Apple scab occurs wherever apples are grown and is one of the most serious diseases of apple and ornamental crabapple trees. Disease development is favored by wet, cool weather that generally occurs in spring and early summer. Both leaves and fruit can be affected. Infected leaves may drop resulting in unsightly trees, with poor fruit production. This early defoliation may weaken trees and make them more susceptible to winter injury or other pests. Infected fruits are blemished and often severely deformed. Infected fruits may also drop early.

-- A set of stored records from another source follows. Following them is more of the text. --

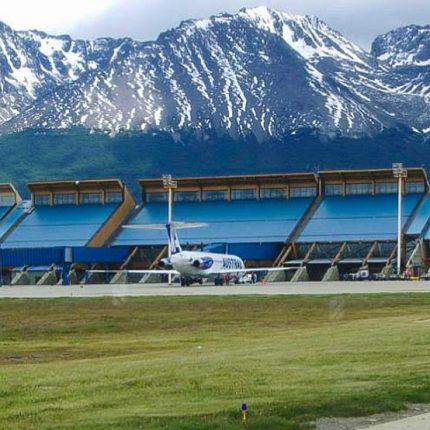 Traslado Aeropuerto Ushuaia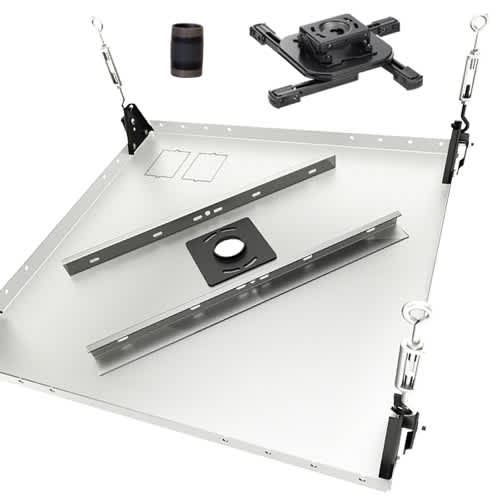Chief KITAB003 Mini Universal RPA Projector Kit (RSAU CMA455 CMS003)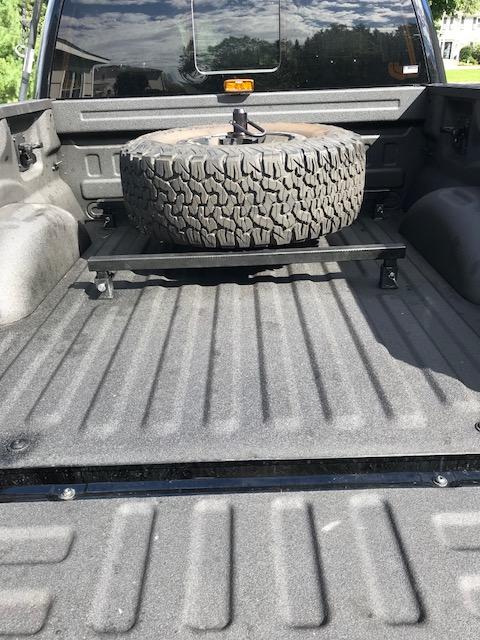Ford Bronco Spare Rear Tire Delete IMG_2318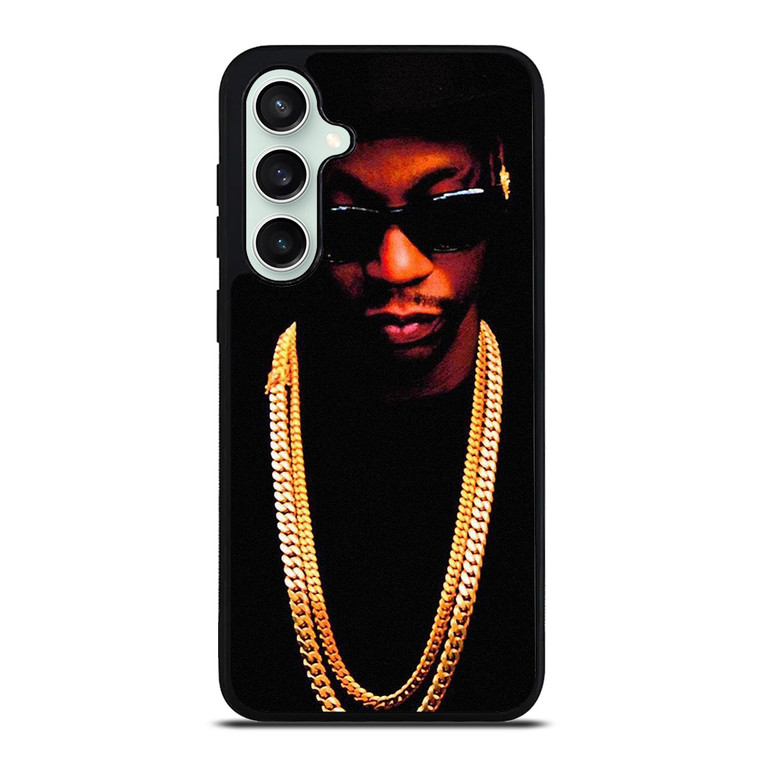 2 CHAINZ RAPPER Samsung Galaxy S23 FE Case Cover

Symptoms appear first in the spring as spots (lesions) on the leaf's underside which is the side first exposed to fungal spores as buds open. These lesions are usually small, velvety, olive green in color, and have unclear margins. On some crabapples, infections may be reddish in color. As the lesions age, the infections become darker and more distinct in outline. Lesions may appear more numerous closer to the mid-vein of the leaf. If heavily infected, the leaf becomes distorted and drops early in the summer. Trees of highly susceptible varieties may be severely defoliated by mid to late summer.

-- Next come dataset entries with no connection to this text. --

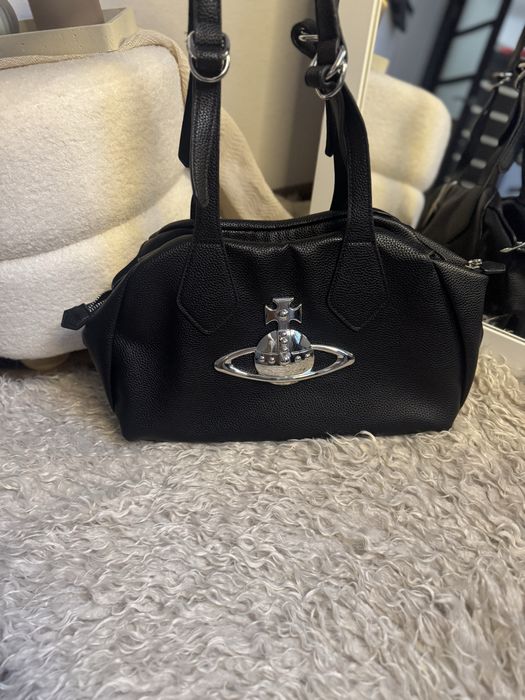 Жіноча Сумка Vivienne Westwood Big Orb ACORD Bag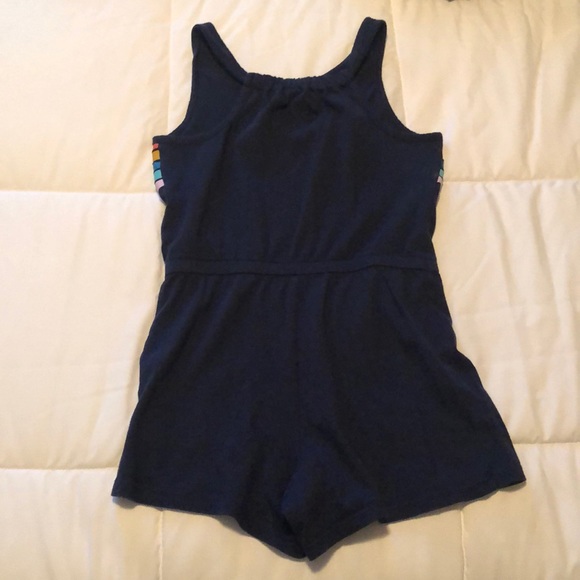 Rainbow Romper - Picture 2 of 2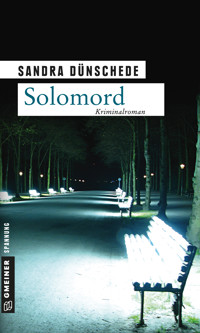Solomord - Sandra Dünschede - ebook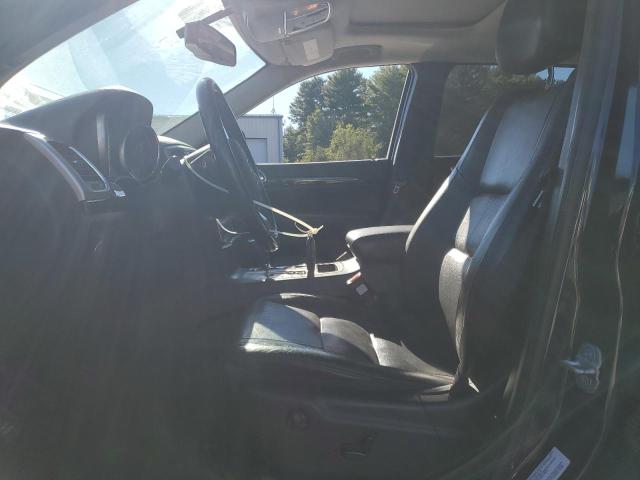 1C4RJFAG9DC615508 - 2013 JEEP GRAND CHEROKEE LAREDO BLUE photo 7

Fruit symptoms are similar to those found on leaves. The margins of the spots, however, are more distinct on the fruit. The lesions darken with age and become black and scabby looking. Scabs are unsightly, but are only skin deep. Badly scabbed fruit becomes deformed and may fall before reaching maturity.
Apple scab is caused by a fungus, Venturia inaequalis. This fungus survives over the winter in the previous year's fallen diseased leaves. In the spring, the fungus on the old leaves produce millions of spores which are released into the air during spring rains. Spores are then carried by the wind to new young leaves, flower parts and fruits. Once in contact with plant tissue, the spore germinates in a film of water and the fungus penetrates into the plant. Depending upon weather conditions, symptoms will show in 9 — 17 days.
Once established on the new leaves, the fungus produces a different type spore. These spores are carried and spread by splashing rain to other leaves and fruits where new infections occur. The disease may continue spreading throughout the summer. Because a film of water on leaves and fruit is required for infection to occur, apple scab is most severe during years with frequent spring rains.
The use of resistant or scab immune varieties is the ideal method for controlling scab. Currently there are several apple varieties that are totally resistant to scab. Backyard growers are strongly encouraged to consider using these resistant varieties in order to reduce or eliminate the need for fungicide applications around the home. Scab resistant apple varieties include: Prima, Priscilla, Sir Prize, Freedom, Liberty, Jonafree, Enterprise, Goldrush, Redfree, Pristine, Williams Pride, Novamac and Nova Easygro. All other varieties, including most commercially grown varieties are susceptible to scab; however, they differ in their degree of susceptibility. McIntosh, Cortland, Red Delicious and Rome Beauty are all very susceptible to scab. Golden Delicious and Jonathan are less susceptible.
Lists of scab resistant ornamental crabapples are available from many nurseries and garden centers. Some of the many crabapples with both excellent scab resistance and superior horticultural characteristics include: Anne E, Bob White, Molten Lava, Ormiston Roy, Prairifire, Red Jewel, Sargent, Sentinel, Strawberry Parfait and Sugar Tyme.
Rake and destroy fallen leaves as they occur. In the fall, carefully remove all fallen leaves from around the tree and destroy, do not compost. This will reduce the number of spores that can start the disease cycle the next year.
Where resistance to scab is not present, fungicide application is the primary method of control.